### Recorded data

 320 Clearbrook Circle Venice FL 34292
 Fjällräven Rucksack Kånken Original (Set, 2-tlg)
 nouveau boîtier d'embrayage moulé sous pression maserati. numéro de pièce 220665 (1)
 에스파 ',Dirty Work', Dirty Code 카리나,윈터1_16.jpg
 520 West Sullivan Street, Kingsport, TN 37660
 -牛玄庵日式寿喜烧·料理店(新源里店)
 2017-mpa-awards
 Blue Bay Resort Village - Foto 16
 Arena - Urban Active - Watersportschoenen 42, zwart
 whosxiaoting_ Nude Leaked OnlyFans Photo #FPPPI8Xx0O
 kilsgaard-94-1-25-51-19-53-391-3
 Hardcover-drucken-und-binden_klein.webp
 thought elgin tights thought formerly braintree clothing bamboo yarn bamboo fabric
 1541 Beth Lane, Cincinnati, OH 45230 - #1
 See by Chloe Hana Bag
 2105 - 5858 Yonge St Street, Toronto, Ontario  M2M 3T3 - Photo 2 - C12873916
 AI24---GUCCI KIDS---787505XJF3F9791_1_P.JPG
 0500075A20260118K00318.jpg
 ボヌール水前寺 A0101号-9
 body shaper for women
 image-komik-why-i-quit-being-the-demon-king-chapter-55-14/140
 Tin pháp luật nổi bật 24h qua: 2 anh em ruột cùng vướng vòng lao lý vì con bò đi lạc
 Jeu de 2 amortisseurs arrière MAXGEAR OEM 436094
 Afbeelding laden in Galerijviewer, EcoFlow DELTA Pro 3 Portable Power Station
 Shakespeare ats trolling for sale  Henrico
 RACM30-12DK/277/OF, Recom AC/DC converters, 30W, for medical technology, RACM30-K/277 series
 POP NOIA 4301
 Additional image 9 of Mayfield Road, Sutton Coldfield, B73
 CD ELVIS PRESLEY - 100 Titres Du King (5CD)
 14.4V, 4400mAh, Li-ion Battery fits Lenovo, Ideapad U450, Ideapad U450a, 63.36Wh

######

Up to and including the line that contains "ボヌール水前寺 A0101号-9", restate each line of the material above word for word, beginning with its first line.

 320 Clearbrook Circle Venice FL 34292
 Fjällräven Rucksack Kånken Original (Set, 2-tlg)
 nouveau boîtier d'embrayage moulé sous pression maserati. numéro de pièce 220665 (1)
 에스파 ',Dirty Work', Dirty Code 카리나,윈터1_16.jpg
 520 West Sullivan Street, Kingsport, TN 37660
 -牛玄庵日式寿喜烧·料理店(新源里店)
 2017-mpa-awards
 Blue Bay Resort Village - Foto 16
 Arena - Urban Active - Watersportschoenen 42, zwart
 whosxiaoting_ Nude Leaked OnlyFans Photo #FPPPI8Xx0O
 kilsgaard-94-1-25-51-19-53-391-3
 Hardcover-drucken-und-binden_klein.webp
 thought elgin tights thought formerly braintree clothing bamboo yarn bamboo fabric
 1541 Beth Lane, Cincinnati, OH 45230 - #1
 See by Chloe Hana Bag
 2105 - 5858 Yonge St Street, Toronto, Ontario  M2M 3T3 - Photo 2 - C12873916
 AI24---GUCCI KIDS---787505XJF3F9791_1_P.JPG
 0500075A20260118K00318.jpg
 ボヌール水前寺 A0101号-9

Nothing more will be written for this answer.